3. Vitalisme et monisme
Dans cet univers conceptuel, nous sommes loin de la référence standard à des facteurs causaux bio-géo-chimiques de l’effondrement.
Jane Bennett, sur laquelle nous reviendrons, prône un matérialisme vitaliste, mettant en exergue une vitalité de la matière avec sa notion de « pouvoir des choses » (thing-power). Comme Bennett, Rosi Braidotti propose une éthique mettant en valeur une force de vie non spécifiquement humaine. Son matérialisme vitaliste se revendique du monisme de Spinoza selon lequel toutes les entités sont soumises au même principe de vie.

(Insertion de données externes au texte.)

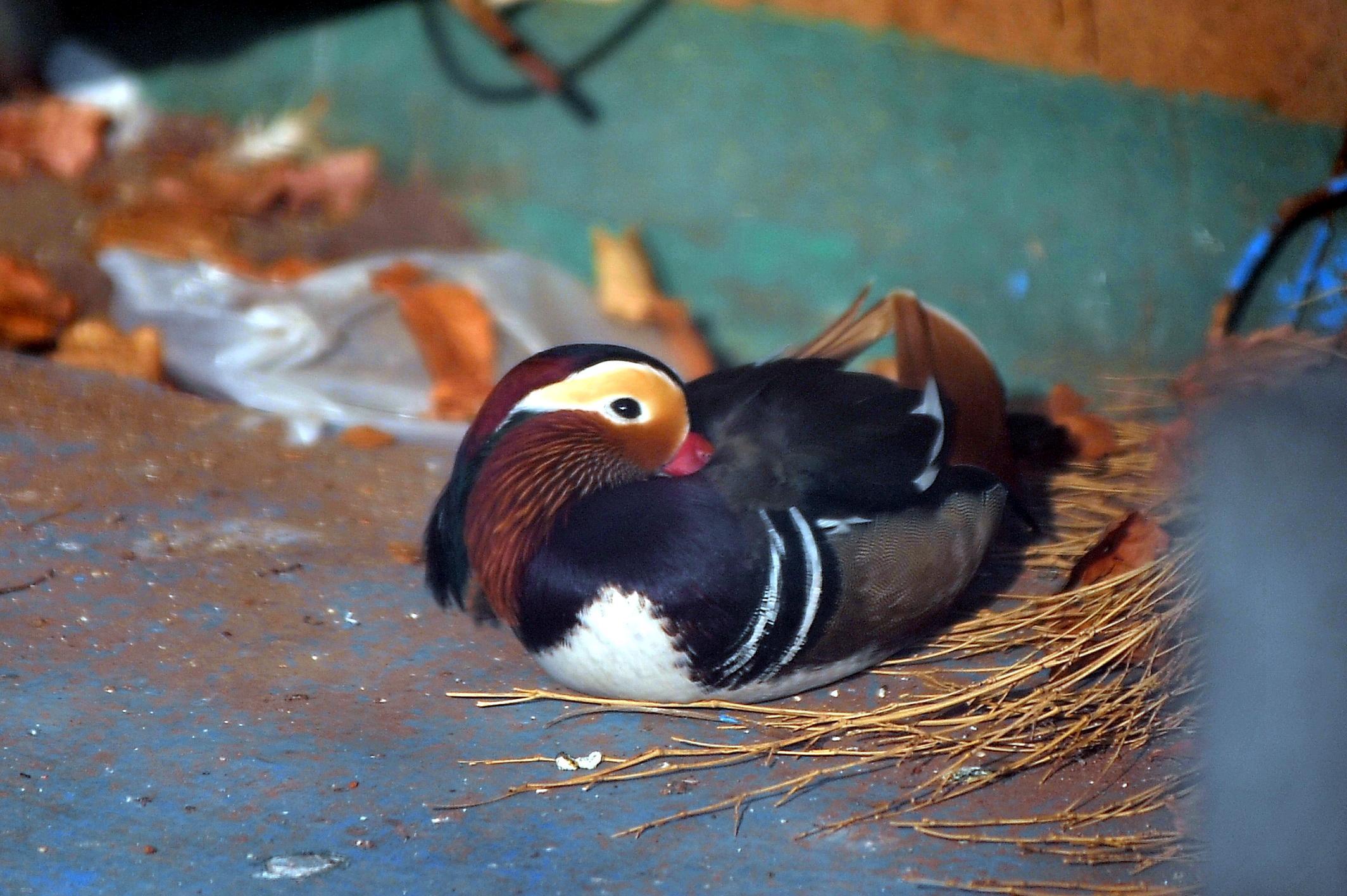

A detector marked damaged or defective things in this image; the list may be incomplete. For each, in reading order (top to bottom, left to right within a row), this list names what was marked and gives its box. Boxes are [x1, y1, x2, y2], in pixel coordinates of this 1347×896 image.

Braidotti mobilise l’apport du féminisme anti-universaliste et des études post-coloniales pour critiquer la définition exclusive/occidentale de l’humain à la source de pratiques d’exclusion, d’exploitation, d’éradication des groupes dominés. Plus largement, elle s’inscrit explicitement dans la tradition anti-humaniste du poststructuralisme et veut prolonger le geste de Foucault qui déconstruit la fiction cartésienne et kantienne d’un sujet souverain, source du Sens car doté d’une raison désincarnée, décontextualisée. Son appel à des humanités post-anthropocentriques est exemplaire du posthumanisme qui, à certains égards, représente un développement logique du postmodernisme avec l’accent mis sur la déconstruction et la fragmentation du sujet humain.
4. Hybridité
Selon Latour, nous avons toujours affaire à des imbrications de nature-culture, à des hybrides.
Pour ce courant, la réalité se caractérise par l’hybridité – y compris de l’être humain qui résulte de l’échange entre éléments matériels et immatériels, ontologiquement différents. Braidotti affirme même la transindividualité de toutes les entités. Les frontières entre l’humain et les autres formes d’existence (organiques et non organiques) sont désormais poreuses.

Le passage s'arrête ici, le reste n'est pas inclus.